Starting from the line in which "Pizza stone cleaning care - pizza, set" appears, output every line down to the last line of the data below, exactly and without anything more.

Material provided:
- Opening Delimiter -
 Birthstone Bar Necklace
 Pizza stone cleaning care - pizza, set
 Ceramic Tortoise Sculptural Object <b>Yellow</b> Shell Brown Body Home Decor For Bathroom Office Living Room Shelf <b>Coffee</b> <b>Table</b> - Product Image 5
- Closing Delimiter -
Exercise result:
 Pizza stone cleaning care - pizza, set
 Ceramic Tortoise Sculptural Object <b>Yellow</b> Shell Brown Body Home Decor For Bathroom Office Living Room Shelf <b>Coffee</b> <b>Table</b> - Product Image 5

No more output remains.